James has experience defending Operators, Directors, Transport managers and individuals called in to Public Inquiry with the Traffic Commissioner.
James will identify the relevant issues early in the proceedings and, in conjunction with those instructing and the client, find ways to address those issues to neutralise their probative value at the Inquiry. This is likely to include the collating of statements, record/documentary evidence and independent reports. The focus is on, where possible, challenging the reasons for the Inquiry and/or focusing on the outcome stage of the proceedings to ensure any failings result in a proportionate penalty.
Instructing Solicitors can expect timely responses to any request to advise on the
case.

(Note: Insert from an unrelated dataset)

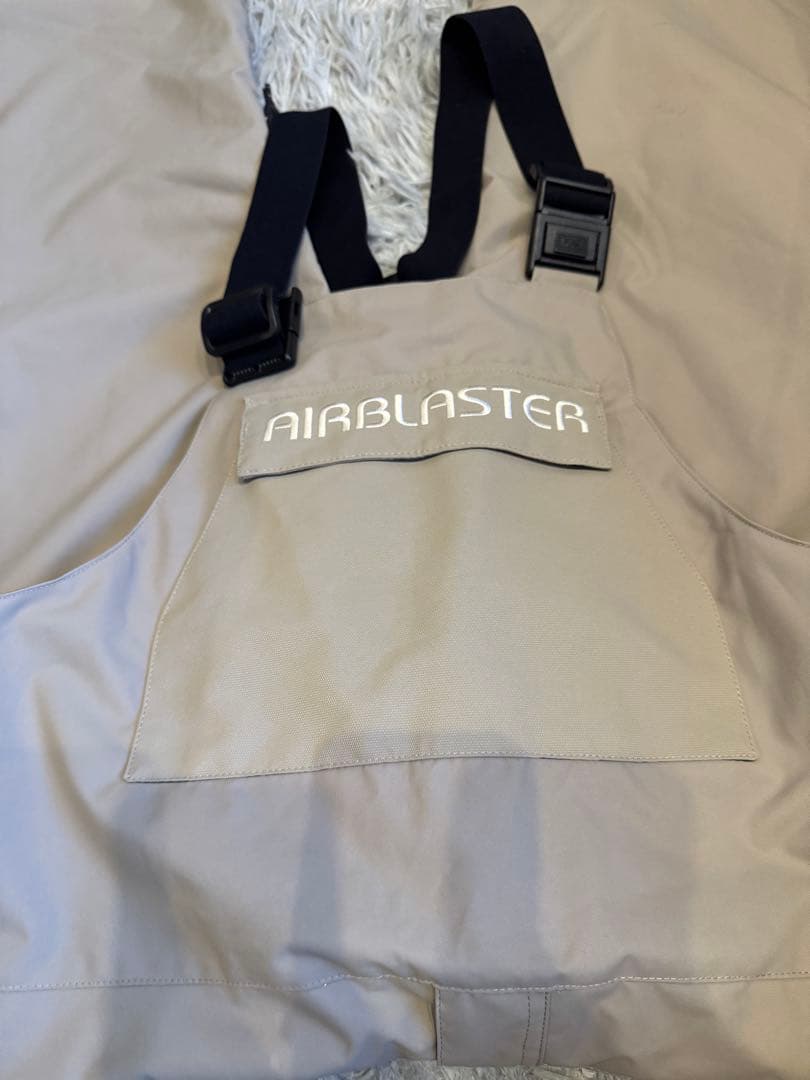 美品　AIRBLASTER スノボウエア　ビブパンツ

They can contact James at any time. opinion, attention to detail and
preparation are key to success before the TC.
James is very familiar with the TC’s Statutory Guidance which include:
- Good Repute and Fitness
- Transport Managers
- Operating Centres, Stable Establishments and Addresses for Service
- Legal Entities (including Insolvency and Regulation 31 & Section 57 Applications)
- Vocational Driver Conduct
- Delegation of Authority (in terms of Staff and Multiple Licence Holders)
- Case Management
- Principles of Decision Making & the Concept of Proportionality
- Format of Decisions (including Publication, Written Reasons and Decisions)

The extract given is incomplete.